Oui. Au cours du procès, l'enquêtrice a révélé qu'une seule femme était allée voir le président du club pour lui dire que cet entraîneur avait un comportement inapproprié avec les jeunes : violences verbales et physiques, attitude ambiguë envers certaines joueuses. Le président lui avait répondu : « Oui, mais il nous ramène des titres. » Cela me rappelle ce qu'a dit Mme Oudéa-Castéra lors du colloque sur « L'enfant face aux violences dans le sport » : aucune médaille ne vaut un tel sacrifice.

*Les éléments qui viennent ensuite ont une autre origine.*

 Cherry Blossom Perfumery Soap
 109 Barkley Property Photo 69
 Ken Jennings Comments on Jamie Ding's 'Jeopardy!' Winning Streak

S'il peut arriver que de très bons entraîneurs soient des pédocriminels, en l'occurrence, ce n'était pas un bon entraîneur. Il s'occupait des meilleurs joueurs, donc il était logique qu'il remporte des titres. En revanche, il y consacrait énormément de temps, ce qui est très important pour un jeune sportif, compte tenu de l'engagement que cela suppose pour les familles, y compris sur le plan financier. Un entraîneur qui est disponible le soir et les week-ends, qui ne compte pas ses heures, qui assure des entraînements « gratuitement », forcément, cela aide à obtenir des résultats, mais non, ce n'était pas un bon entraîneur. Les gens disaient que c'était sa méthode, qu'il était dur mais poussait les jeunes à faire du mieux possible. Or on peut aider les jeunes à tirer le meilleur d'eux-mêmes sans pour autant les forcer à faire des choses qu'ils ne sont pas prêts à accepter.

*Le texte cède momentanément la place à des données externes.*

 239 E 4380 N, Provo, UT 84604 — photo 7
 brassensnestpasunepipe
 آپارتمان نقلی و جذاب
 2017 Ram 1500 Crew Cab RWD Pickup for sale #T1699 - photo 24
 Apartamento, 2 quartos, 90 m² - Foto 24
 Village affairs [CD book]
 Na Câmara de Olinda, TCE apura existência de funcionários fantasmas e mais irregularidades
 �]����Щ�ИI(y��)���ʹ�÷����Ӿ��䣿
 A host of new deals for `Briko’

Il est vrai qu'il est parfois difficile de tracer la frontière. C'est pour cela que les éducateurs et entraîneurs doivent être formés. Désormais, leur cursus comprend des unités d'enseignement consacrées à ces questions. Il me semble que c'est la base : avant d'être un entraîneur de tennis, on est un éducateur, ce qui suppose de savoir quelles valeurs on doit respecter et de connaître la psychologie de l'enfant et les méthodes pédagogiques adaptées. Cela me paraît beaucoup plus important que de savoir comment on fait un coup droit. Quand on laisse son enfant dans un club de tennis, ou tout autre club sportif, la première des choses que l'on attend, c'est que son intégrité physique et morale soit garantie, comme à l'école. Si ce n'est pas le cas, je préfère que mon enfant reste nul au tennis mais qu'il ne lui arrive jamais rien…

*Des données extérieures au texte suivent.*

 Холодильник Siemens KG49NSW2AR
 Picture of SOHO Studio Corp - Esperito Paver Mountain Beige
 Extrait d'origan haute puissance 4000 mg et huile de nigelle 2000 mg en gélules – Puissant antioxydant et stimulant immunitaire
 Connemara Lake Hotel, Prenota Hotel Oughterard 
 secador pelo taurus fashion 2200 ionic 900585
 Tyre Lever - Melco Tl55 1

Depuis notre affaire, la Fédération française de tennis fait beaucoup dans ce domaine. Elle est partenaire de notre association. Nous faisons de la sensibilisation auprès des présidents de ligue et des comités départementaux, des équipes techniques régionales et des entraîneurs. Dans les tournois nationaux pour les jeunes, je sensibilise à ce qui est interdit, à ce qu'est une relation saine.